» Exercise goal
For this exercise, output exactly and only the lines running from the one with "Hate speech shirt, truth" through the final line of the data below, without pictures.

» Supplied data
Start of Block
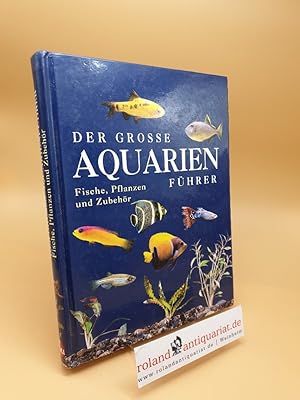 Seller image for Der groe Aquarienfhrer ; Fische, Pflanzen und Zubehr ; (ISBN: 383315781X) for sale by Roland Antiquariat UG haftungsbeschrnkt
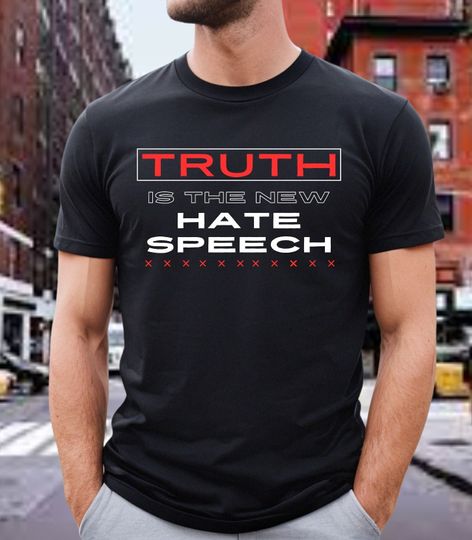 Hate speech shirt, truth is the new hate speech, tucker carlson cancelled, dan bongino cancelled shirt, the truth is being banned t shirt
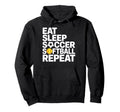 Soccer Softball Repeat Eat Sleep Hoodie - Custom Art Print Unisex - T-Shirt, Sweatshirt, Hoodie
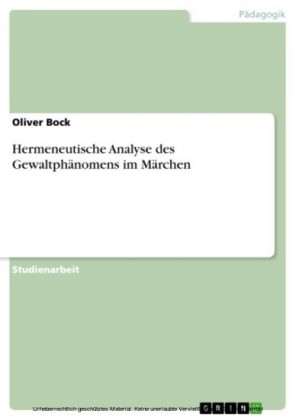 Hermeneutische Analyse des Gewaltphänomens im Märchen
End of Block
» Response to the task
 Hate speech shirt, truth is the new hate speech, tucker carlson cancelled, dan bongino cancelled shirt, the truth is being banned t shirt
 Soccer Softball Repeat Eat Sleep Hoodie - Custom Art Print Unisex - T-Shirt, Sweatshirt, Hoodie
 Hermeneutische Analyse des Gewaltphänomens im Märchen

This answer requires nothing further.